Revolutionising Construction: The Role of Machine Learning in Project Success
OpEd – Dr. Neda Kiani Mavi
(Lecturer in Project Management, School of Business and Law, Edith Cowan University)
The construction industry is a key driver of economic growth, contributing 20% to Australia’s GDP. However, this sector often faces significant challenges, such as delays, cost overruns, and stagnant productivity, particularly in medium and large-scale projects. These issues can substantially undermine project success. To address these challenges, we have developed an innovative decision support system that leverages machine learning to evaluate the feasibility of construction projects with remarkable accuracy. By analysing key success factors and criteria, this system provides precise forecasts of project outcomes, reducing much of the uncertainty traditionally involved in construction planning.

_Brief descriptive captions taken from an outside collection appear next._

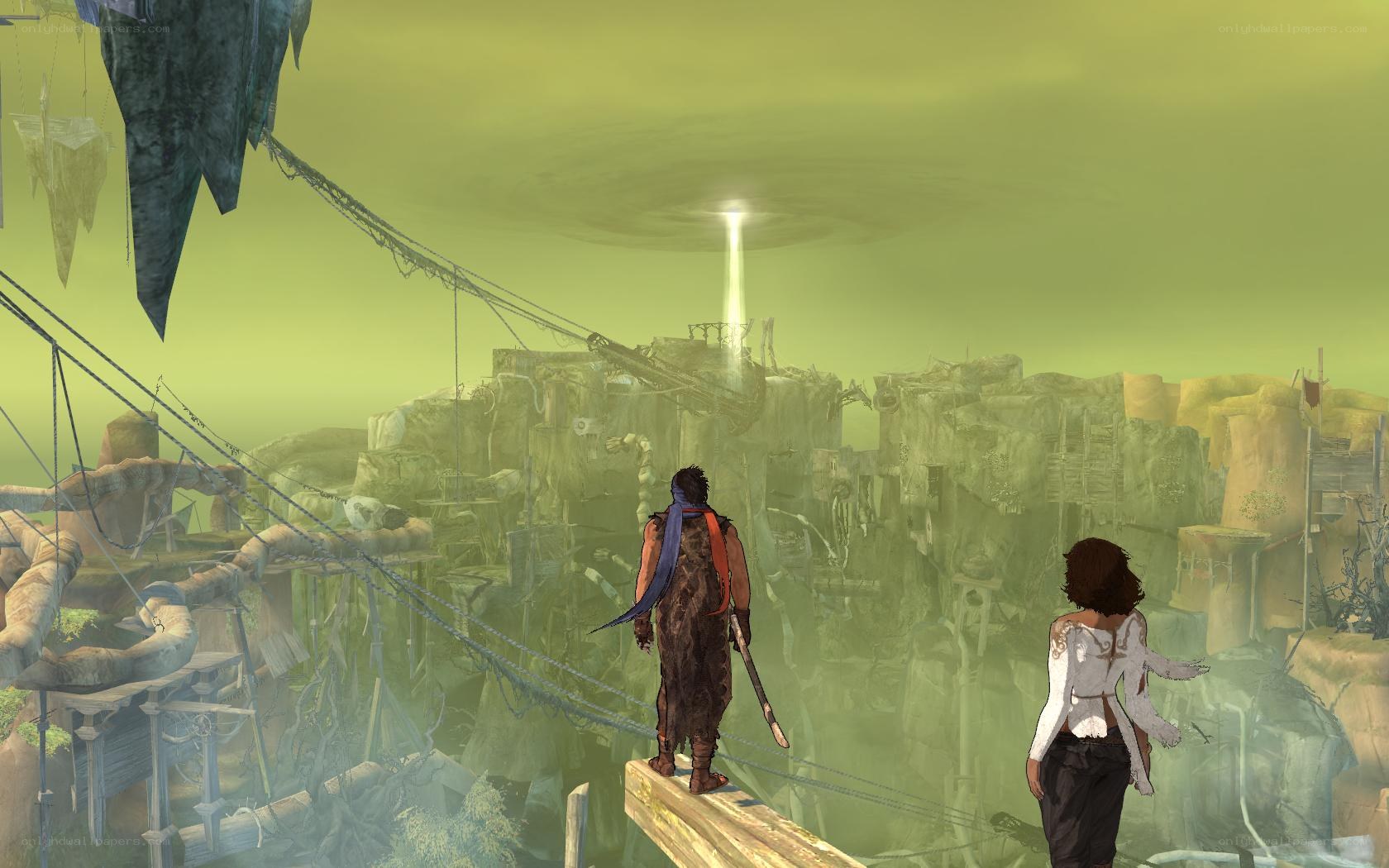 Two characters on a bridge
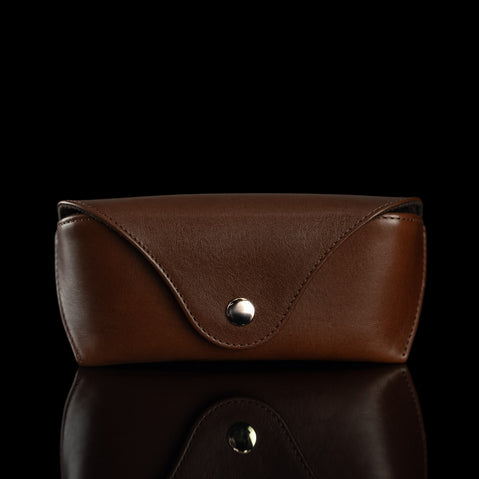 A front view of a brown Von Baer Deluxe luxury leather glasses and sunglasses case for women.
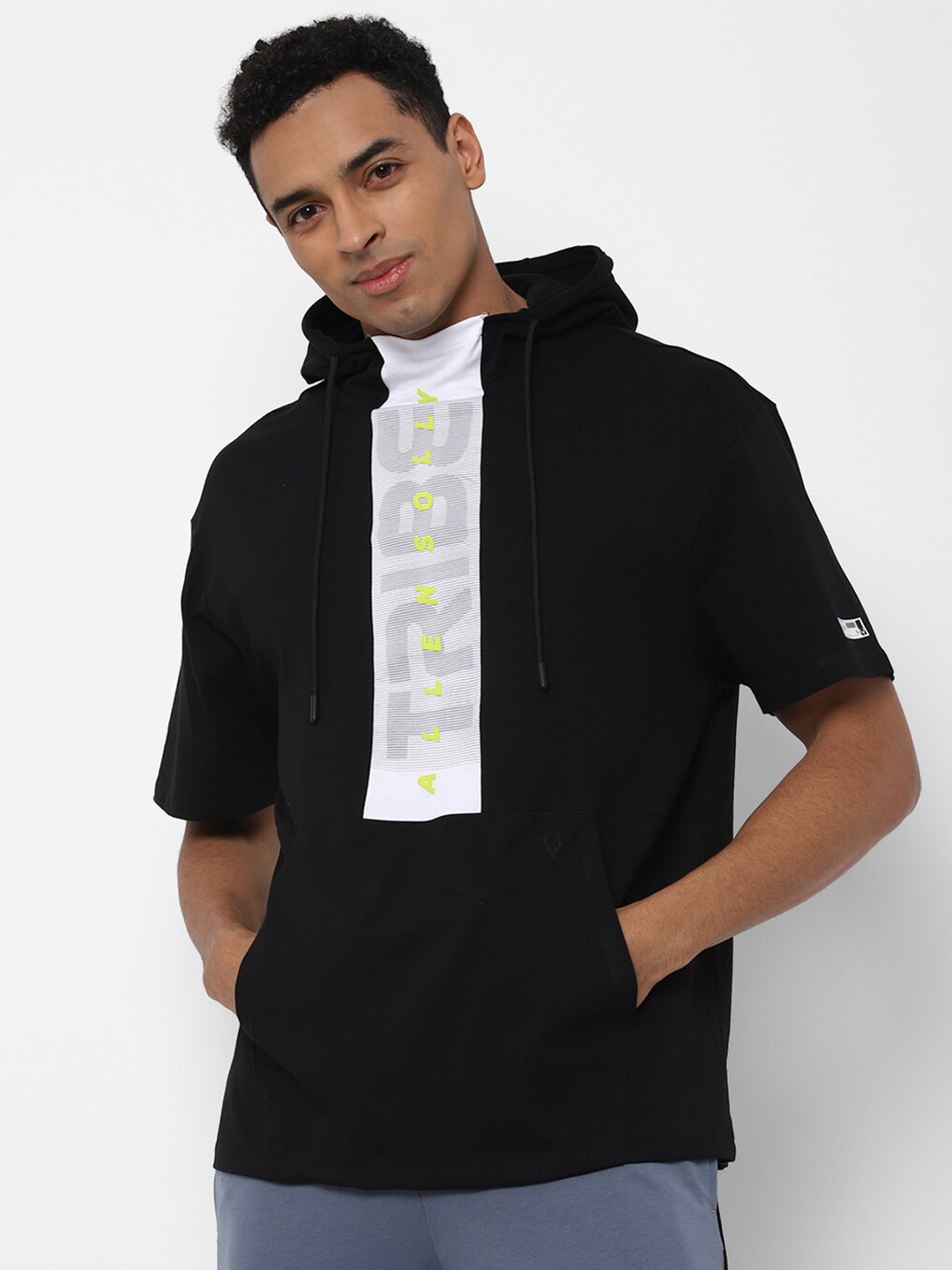

Allen Solly Tribe Men Black Typography Printed Hooded T-shirt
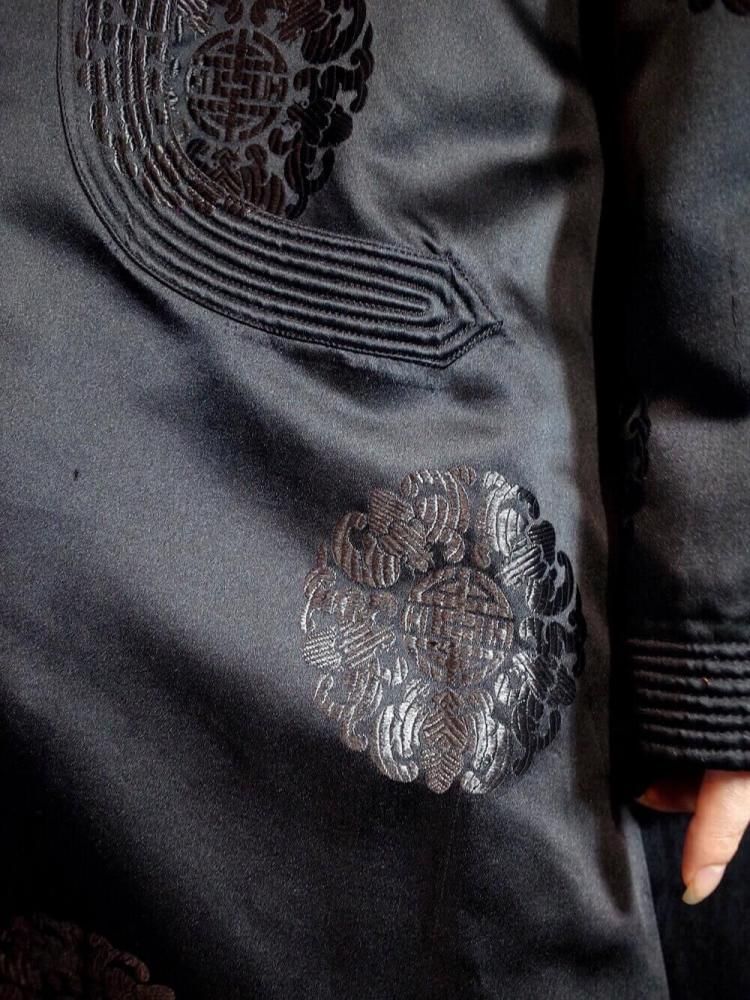 c.1950s China Brocade Black Silk Coat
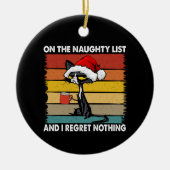 クリスマスツリーのいけな上の不機嫌な猫 セラミックオーナメント (正面)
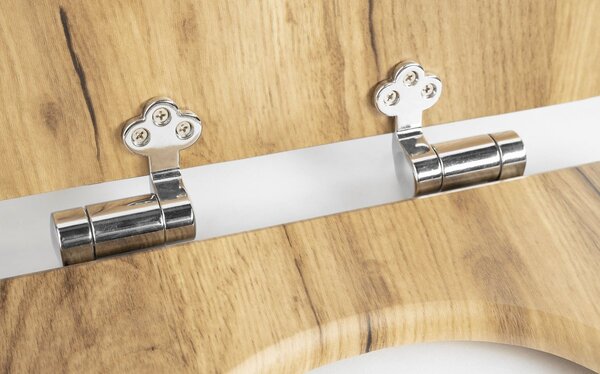Aqualine, AQUALINE WC sedátko , D-tvar, Soft Close, dub, 1705-20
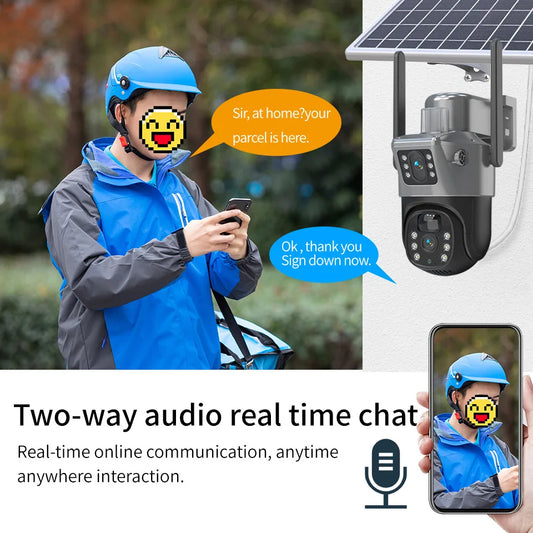 4MP 4G Wireless PTZ Solarkamera Dual Lens Dual Screen Outdoor IP-Kamera Solarpanel Audio PIR Sicherheitsüberwachungskamera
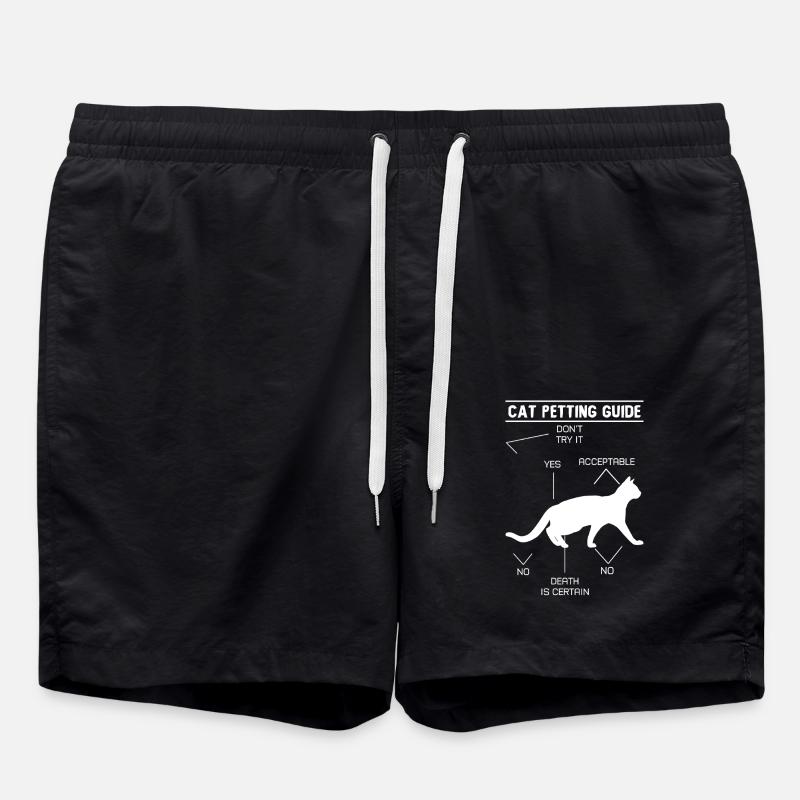 Cat Petting Guide - Swim Trunks - black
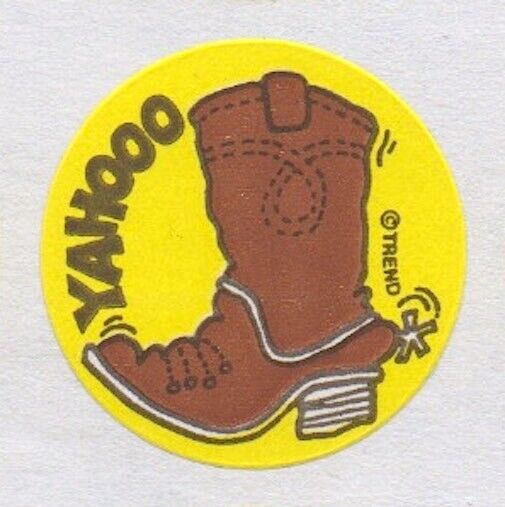 1980s Trend Scratch And Sniff Matte Boot Yahooo Stinky Stickers Single with TM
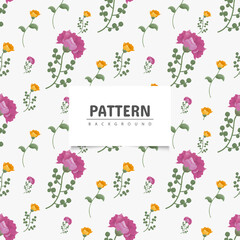 Seamles pattern colorful flowers background design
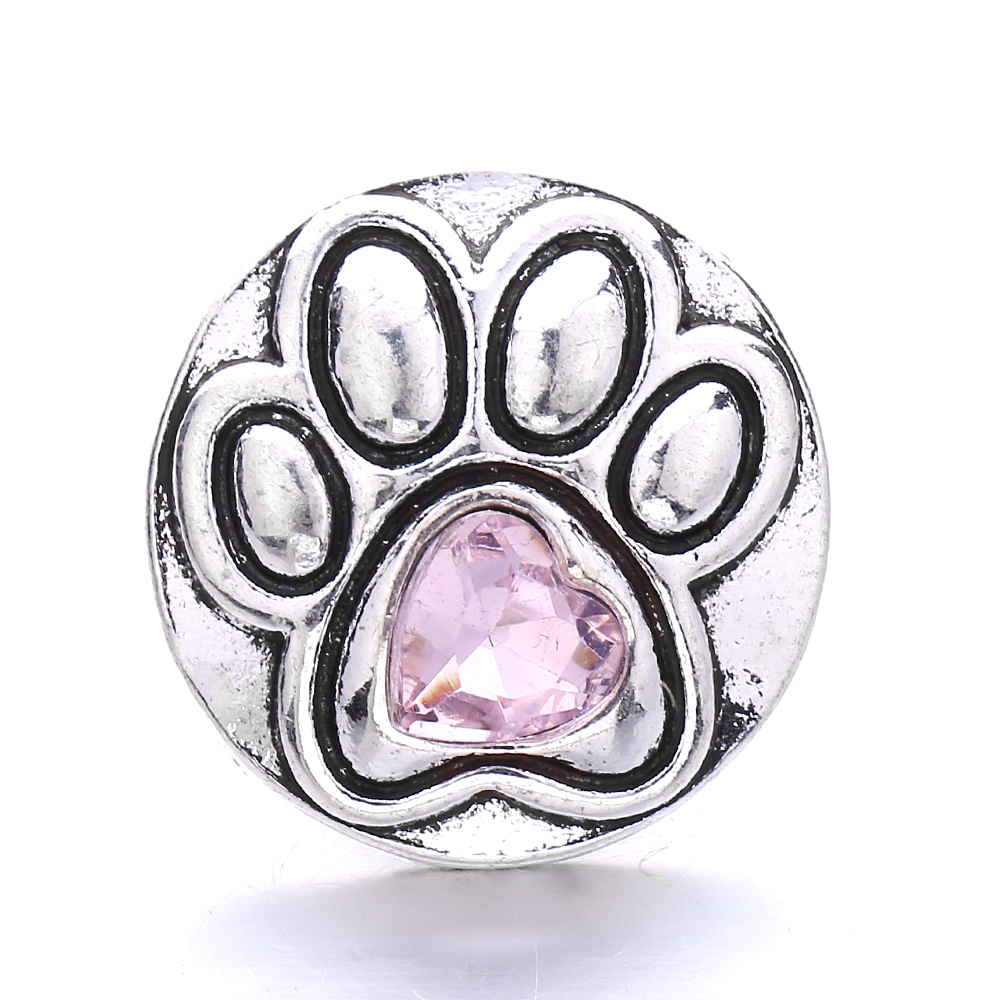 Dog's Paw Shape Crystal Snap Button Clasps Jewelry findings Rhinestone 18mm Metal Snaps Buttons DIY Necklace Bracelet jewelery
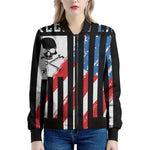 American Flag Freedom Life Print Women's Bomber Jacket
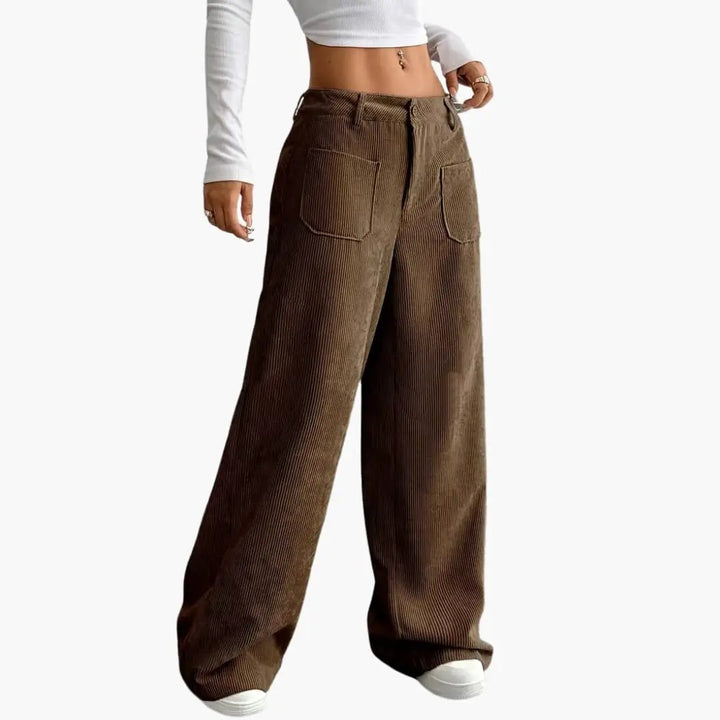 Women's Corduroy Pants with High Waist and Pockets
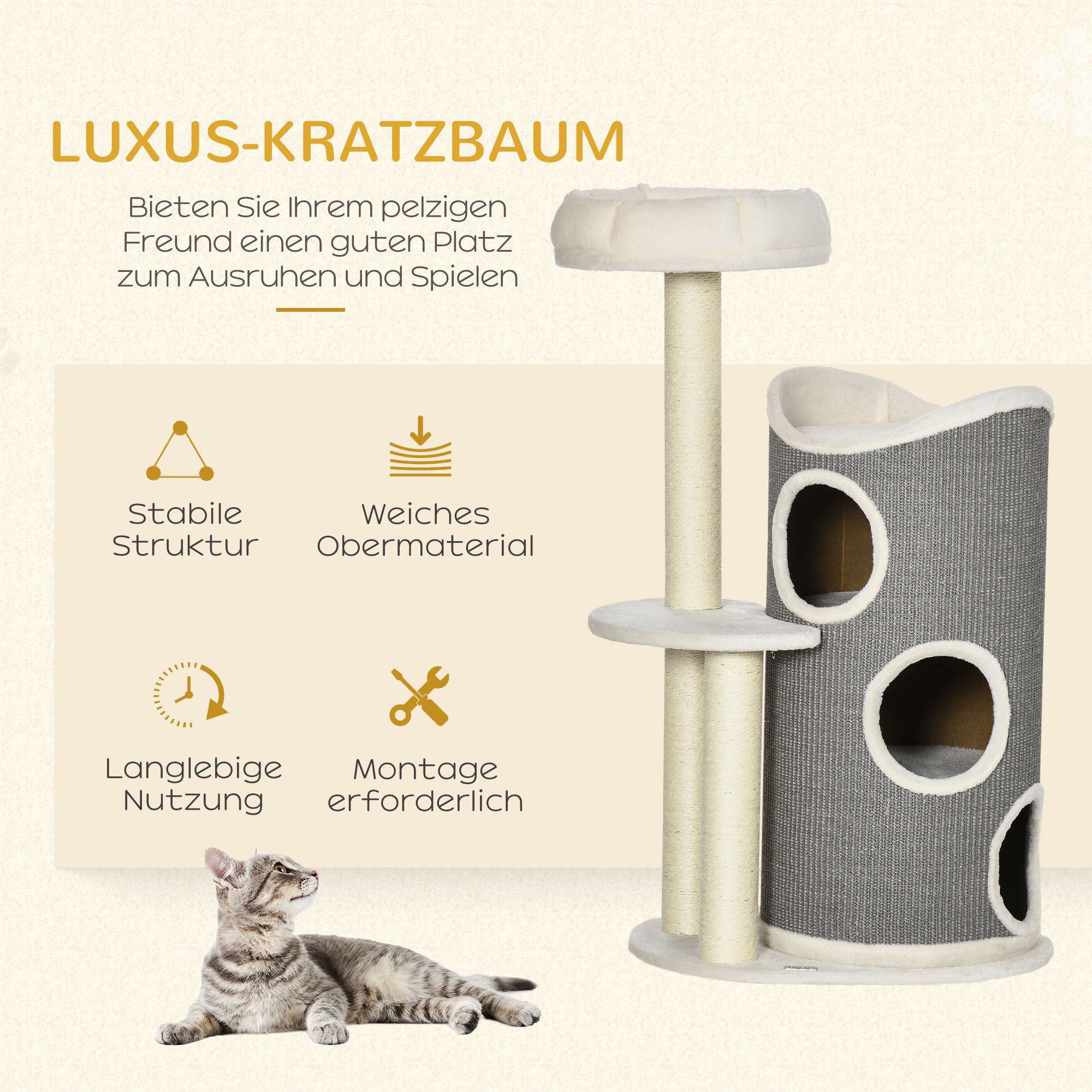 furnicato Kratzbaum Katzenkratzbaum 60L x 44,5B x 109H cm in Weiß+Grau, Kletterspielplatz mit Plüschbett, Kratztonne und Sisalpfosten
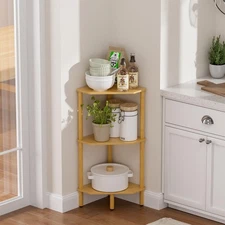 3 Tier Corner Shelf Stand, Bamboo Corner Bookshelf, Corner Bookcase with Open...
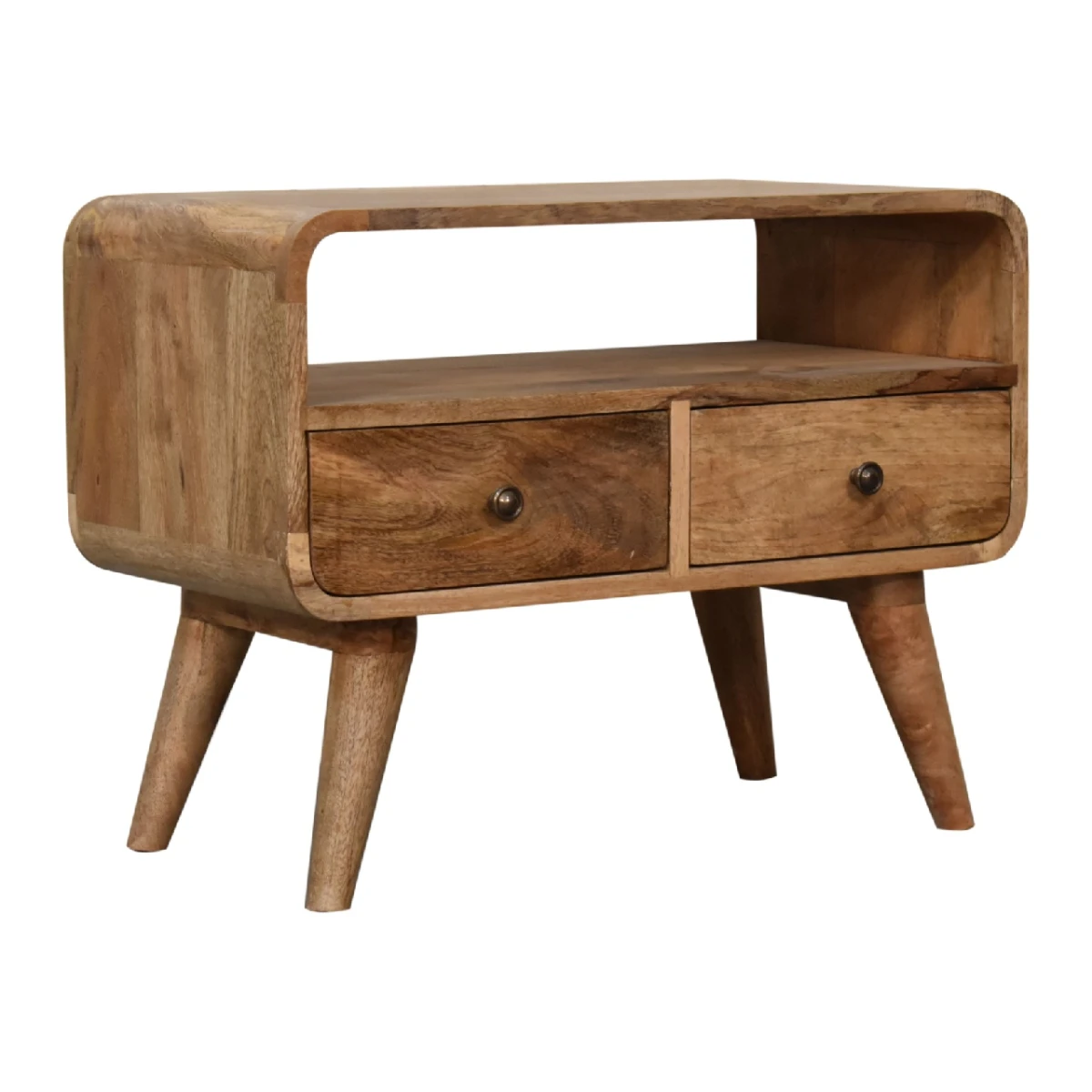 Artisan Furniture Mango Wood Mini Media Console With Open Shelf And Two Drawers For Small Spaces by Artisan Furniture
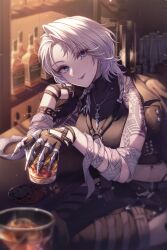 Rule 34 | 1girl, absurdres, alcohol, bad id, bad pixiv id, bandaged arm, bandages, bar (place), bare shoulders, black gloves, black jacket, black lips, black pants, black sweater, blue eyes, blurry, blurry foreground, breasts, clenched hand, closed mouth, cup, depth of field, gloves, hand on own chin, highres, holding, holding cup, indoors, iyar, jacket, jewelry, light, light particles, long sleeves, looking at viewer, medium breasts, necklace, open clothes, open jacket, pants, parted bangs, path to nowhere, short hair, shoulder tattoo, sleeveless, sleeveless sweater, smile, solo, sweater, tattoo, turtleneck, turtleneck sweater, white hair, zoya (path to nowhere)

Success in construction goes beyond merely completing a project; it involves meeting criteria such as stakeholder satisfaction, business profitability, and public benefits. Our system provides a strategic advantage by analysing the interactions of success factors, offering insights for timely interventions and informed decision-making.
Achieving success in construction is crucial. Successful projects lead to satisfied clients, enhanced reputations, and increased profitability. By accurately forecasting project success, our decision support system empowers sponsors and managers to manage current projects effectively and plan strategically for the future. This innovation marks a significant advancement for the industry, paving the way for more successful and efficient construction projects worldwide. The construction industry is poised for an era of greater innovation, improved efficiency, and unparalleled success. The potential transformation is immense, and the tools are now within reach to make this vision a reality.